ENTRIES SUPPLIED -

......

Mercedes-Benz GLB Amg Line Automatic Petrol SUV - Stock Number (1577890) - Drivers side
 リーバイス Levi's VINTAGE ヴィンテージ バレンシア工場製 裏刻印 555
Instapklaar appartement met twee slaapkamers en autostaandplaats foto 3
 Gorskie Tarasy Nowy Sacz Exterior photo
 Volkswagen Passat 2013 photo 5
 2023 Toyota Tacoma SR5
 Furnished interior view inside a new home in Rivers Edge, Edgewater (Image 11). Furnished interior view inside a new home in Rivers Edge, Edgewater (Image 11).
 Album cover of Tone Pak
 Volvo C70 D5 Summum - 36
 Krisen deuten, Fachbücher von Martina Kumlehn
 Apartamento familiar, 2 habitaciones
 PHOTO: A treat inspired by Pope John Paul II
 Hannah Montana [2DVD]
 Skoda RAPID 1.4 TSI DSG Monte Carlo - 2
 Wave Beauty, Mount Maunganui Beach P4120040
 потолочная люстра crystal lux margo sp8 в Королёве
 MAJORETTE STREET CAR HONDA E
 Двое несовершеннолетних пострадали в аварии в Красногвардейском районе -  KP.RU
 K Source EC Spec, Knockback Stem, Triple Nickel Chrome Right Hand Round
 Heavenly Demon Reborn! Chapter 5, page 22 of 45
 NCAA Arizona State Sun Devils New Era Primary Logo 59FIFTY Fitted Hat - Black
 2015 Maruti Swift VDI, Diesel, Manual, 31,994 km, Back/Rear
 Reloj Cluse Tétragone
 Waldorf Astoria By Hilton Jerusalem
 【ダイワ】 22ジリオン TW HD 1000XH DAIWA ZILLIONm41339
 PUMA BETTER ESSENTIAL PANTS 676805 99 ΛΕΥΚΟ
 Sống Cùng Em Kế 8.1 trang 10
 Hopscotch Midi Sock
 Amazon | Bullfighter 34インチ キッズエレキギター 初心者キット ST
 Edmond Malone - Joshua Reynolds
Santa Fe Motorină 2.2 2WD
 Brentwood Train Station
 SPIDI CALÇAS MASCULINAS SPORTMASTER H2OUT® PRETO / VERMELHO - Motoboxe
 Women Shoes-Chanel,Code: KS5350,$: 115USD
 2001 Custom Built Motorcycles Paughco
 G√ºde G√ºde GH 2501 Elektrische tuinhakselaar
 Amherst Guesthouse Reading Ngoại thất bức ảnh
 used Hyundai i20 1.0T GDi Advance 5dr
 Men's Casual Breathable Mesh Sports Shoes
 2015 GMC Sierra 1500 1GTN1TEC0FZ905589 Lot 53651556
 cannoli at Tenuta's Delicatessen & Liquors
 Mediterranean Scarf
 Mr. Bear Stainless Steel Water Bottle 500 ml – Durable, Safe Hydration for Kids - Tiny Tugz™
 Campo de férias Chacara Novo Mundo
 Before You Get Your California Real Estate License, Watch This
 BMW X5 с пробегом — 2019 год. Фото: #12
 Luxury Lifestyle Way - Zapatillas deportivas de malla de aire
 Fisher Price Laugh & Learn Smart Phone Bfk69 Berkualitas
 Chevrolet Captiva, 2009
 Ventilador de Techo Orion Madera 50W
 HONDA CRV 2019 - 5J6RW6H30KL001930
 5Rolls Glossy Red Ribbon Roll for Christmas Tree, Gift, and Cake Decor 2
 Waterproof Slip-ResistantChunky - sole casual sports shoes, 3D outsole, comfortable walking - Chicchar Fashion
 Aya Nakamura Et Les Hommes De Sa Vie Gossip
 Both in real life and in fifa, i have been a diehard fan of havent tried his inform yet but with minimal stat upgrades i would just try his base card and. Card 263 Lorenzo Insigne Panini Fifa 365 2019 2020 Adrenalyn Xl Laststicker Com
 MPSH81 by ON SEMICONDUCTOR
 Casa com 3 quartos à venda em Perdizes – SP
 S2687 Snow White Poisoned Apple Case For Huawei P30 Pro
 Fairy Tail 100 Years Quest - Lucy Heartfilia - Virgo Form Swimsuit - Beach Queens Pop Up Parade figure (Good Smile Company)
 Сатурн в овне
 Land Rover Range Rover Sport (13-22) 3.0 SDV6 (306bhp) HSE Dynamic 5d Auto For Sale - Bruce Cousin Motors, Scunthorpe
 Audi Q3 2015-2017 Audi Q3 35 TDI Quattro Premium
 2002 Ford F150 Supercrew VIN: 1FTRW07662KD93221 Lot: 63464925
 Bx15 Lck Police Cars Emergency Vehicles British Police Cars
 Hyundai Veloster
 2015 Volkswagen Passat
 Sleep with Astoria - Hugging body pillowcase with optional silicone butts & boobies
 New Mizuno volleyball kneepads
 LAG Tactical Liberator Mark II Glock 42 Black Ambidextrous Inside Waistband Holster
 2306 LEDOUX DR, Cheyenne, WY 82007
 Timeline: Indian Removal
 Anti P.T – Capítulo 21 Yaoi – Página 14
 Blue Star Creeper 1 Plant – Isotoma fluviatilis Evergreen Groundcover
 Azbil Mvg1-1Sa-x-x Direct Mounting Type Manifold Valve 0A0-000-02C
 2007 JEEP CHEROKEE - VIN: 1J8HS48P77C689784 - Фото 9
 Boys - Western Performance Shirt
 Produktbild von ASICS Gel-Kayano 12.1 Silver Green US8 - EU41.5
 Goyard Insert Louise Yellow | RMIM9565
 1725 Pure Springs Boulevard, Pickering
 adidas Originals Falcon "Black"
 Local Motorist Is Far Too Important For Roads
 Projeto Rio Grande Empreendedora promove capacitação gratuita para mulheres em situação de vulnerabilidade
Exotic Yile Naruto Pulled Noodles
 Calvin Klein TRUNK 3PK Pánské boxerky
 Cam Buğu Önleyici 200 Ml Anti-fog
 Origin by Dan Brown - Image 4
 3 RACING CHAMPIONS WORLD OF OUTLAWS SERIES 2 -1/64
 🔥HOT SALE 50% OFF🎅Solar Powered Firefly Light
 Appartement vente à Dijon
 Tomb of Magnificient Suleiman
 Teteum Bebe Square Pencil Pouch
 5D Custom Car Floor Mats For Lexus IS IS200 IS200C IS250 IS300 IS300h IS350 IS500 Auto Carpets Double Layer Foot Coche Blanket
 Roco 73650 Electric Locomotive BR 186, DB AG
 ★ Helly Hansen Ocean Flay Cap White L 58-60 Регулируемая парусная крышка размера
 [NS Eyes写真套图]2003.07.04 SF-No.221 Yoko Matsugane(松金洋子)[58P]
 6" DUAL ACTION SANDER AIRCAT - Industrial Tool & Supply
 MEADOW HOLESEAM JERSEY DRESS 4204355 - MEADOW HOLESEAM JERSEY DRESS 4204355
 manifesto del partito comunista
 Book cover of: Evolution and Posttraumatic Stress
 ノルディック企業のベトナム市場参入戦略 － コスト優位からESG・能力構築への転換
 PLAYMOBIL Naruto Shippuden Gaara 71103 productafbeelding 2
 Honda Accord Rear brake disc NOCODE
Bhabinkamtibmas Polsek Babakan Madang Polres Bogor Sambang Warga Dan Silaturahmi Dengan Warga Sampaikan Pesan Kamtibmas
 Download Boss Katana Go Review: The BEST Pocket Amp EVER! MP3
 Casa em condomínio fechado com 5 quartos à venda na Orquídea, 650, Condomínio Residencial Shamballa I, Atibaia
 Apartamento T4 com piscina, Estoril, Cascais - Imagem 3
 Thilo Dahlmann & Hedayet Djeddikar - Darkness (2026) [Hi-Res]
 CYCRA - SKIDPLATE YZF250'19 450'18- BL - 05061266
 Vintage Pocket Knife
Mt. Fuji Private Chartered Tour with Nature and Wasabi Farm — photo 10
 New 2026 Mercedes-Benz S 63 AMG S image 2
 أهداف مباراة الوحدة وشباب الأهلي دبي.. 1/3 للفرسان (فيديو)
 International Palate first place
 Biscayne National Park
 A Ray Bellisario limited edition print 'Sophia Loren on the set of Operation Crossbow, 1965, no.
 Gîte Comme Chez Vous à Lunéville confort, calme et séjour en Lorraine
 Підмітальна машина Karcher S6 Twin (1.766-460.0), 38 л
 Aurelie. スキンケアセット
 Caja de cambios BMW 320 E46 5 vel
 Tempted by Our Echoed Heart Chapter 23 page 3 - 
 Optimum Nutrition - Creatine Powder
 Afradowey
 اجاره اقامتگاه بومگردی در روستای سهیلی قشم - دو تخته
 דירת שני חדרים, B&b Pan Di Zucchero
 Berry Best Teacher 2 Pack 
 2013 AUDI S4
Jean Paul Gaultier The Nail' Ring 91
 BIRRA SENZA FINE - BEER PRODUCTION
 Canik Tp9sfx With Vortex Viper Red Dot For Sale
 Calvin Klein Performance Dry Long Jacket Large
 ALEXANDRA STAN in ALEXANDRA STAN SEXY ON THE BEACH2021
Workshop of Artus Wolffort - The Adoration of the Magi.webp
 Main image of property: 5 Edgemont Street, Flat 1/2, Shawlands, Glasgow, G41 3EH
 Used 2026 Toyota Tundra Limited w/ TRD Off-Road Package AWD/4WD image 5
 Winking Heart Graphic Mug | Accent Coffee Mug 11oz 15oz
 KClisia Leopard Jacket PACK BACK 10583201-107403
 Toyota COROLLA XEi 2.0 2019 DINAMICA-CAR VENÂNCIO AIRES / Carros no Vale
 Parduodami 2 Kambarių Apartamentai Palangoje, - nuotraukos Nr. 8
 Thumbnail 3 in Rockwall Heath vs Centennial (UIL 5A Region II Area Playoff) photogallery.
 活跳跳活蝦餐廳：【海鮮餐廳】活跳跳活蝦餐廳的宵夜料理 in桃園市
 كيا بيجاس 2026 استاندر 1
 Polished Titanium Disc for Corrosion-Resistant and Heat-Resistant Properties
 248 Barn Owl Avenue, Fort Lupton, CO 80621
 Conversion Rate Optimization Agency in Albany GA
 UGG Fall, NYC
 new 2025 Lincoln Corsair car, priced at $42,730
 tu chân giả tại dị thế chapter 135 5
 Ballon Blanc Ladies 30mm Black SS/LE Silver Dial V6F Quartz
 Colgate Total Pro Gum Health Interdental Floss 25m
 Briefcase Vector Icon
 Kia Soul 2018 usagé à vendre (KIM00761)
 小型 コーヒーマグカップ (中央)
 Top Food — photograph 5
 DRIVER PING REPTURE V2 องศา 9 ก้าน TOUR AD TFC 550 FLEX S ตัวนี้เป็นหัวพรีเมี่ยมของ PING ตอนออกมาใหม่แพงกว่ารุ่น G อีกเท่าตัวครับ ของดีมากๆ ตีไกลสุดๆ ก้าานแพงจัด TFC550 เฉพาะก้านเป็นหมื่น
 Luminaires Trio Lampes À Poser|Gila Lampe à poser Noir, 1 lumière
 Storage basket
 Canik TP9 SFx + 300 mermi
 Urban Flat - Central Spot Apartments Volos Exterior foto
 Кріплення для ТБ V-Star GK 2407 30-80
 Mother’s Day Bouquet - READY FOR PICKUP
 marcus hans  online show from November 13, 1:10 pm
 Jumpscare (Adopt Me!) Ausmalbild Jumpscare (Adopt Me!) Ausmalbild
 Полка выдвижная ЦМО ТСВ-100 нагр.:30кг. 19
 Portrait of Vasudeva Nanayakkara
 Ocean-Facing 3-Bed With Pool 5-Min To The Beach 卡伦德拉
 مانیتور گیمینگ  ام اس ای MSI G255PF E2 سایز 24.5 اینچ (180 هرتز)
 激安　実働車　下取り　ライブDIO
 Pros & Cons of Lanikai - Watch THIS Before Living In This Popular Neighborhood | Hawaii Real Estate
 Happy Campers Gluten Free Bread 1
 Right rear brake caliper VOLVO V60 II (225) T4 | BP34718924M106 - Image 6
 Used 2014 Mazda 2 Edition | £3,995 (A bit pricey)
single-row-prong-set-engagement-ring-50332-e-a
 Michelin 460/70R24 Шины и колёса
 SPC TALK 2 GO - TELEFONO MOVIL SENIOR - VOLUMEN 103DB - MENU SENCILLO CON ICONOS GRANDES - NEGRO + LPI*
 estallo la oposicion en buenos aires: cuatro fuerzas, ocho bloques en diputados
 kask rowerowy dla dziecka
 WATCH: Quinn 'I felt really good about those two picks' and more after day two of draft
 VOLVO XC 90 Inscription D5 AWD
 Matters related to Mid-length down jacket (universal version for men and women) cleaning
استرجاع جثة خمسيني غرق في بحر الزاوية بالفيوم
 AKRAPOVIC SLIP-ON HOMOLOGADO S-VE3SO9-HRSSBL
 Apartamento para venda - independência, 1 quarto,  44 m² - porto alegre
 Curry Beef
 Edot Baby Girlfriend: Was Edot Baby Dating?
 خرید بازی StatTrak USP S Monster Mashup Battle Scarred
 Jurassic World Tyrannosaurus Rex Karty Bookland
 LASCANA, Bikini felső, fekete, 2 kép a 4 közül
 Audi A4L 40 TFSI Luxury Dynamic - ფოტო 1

......

WHAT YOU SHOULD DO - Each line from the one holding "Top Food — photograph 5" to the end of the data above goes into the answer exactly as written, and no other line does.

ANSWER SECTION -
 Top Food — photograph 5
 DRIVER PING REPTURE V2 องศา 9 ก้าน TOUR AD TFC 550 FLEX S ตัวนี้เป็นหัวพรีเมี่ยมของ PING ตอนออกมาใหม่แพงกว่ารุ่น G อีกเท่าตัวครับ ของดีมากๆ ตีไกลสุดๆ ก้าานแพงจัด TFC550 เฉพาะก้านเป็นหมื่น
 Luminaires Trio Lampes À Poser|Gila Lampe à poser Noir, 1 lumière
 Storage basket
 Canik TP9 SFx + 300 mermi
 Urban Flat - Central Spot Apartments Volos Exterior foto
 Кріплення для ТБ V-Star GK 2407 30-80
 Mother’s Day Bouquet - READY FOR PICKUP
 marcus hans  online show from November 13, 1:10 pm
 Jumpscare (Adopt Me!) Ausmalbild Jumpscare (Adopt Me!) Ausmalbild
 Полка выдвижная ЦМО ТСВ-100 нагр.:30кг. 19
 Portrait of Vasudeva Nanayakkara
 Ocean-Facing 3-Bed With Pool 5-Min To The Beach 卡伦德拉
 مانیتور گیمینگ  ام اس ای MSI G255PF E2 سایز 24.5 اینچ (180 هرتز)
 激安　実働車　下取り　ライブDIO
 Pros & Cons of Lanikai - Watch THIS Before Living In This Popular Neighborhood | Hawaii Real Estate
 Happy Campers Gluten Free Bread 1
 Right rear brake caliper VOLVO V60 II (225) T4 | BP34718924M106 - Image 6
 Used 2014 Mazda 2 Edition | £3,995 (A bit pricey)
single-row-prong-set-engagement-ring-50332-e-a
 Michelin 460/70R24 Шины и колёса
 SPC TALK 2 GO - TELEFONO MOVIL SENIOR - VOLUMEN 103DB - MENU SENCILLO CON ICONOS GRANDES - NEGRO + LPI*
 estallo la oposicion en buenos aires: cuatro fuerzas, ocho bloques en diputados
 kask rowerowy dla dziecka
 WATCH: Quinn 'I felt really good about those two picks' and more after day two of draft
 VOLVO XC 90 Inscription D5 AWD
 Matters related to Mid-length down jacket (universal version for men and women) cleaning
استرجاع جثة خمسيني غرق في بحر الزاوية بالفيوم
 AKRAPOVIC SLIP-ON HOMOLOGADO S-VE3SO9-HRSSBL
 Apartamento para venda - independência, 1 quarto,  44 m² - porto alegre
 Curry Beef
 Edot Baby Girlfriend: Was Edot Baby Dating?
 خرید بازی StatTrak USP S Monster Mashup Battle Scarred
 Jurassic World Tyrannosaurus Rex Karty Bookland
 LASCANA, Bikini felső, fekete, 2 kép a 4 közül
 Audi A4L 40 TFSI Luxury Dynamic - ფოტო 1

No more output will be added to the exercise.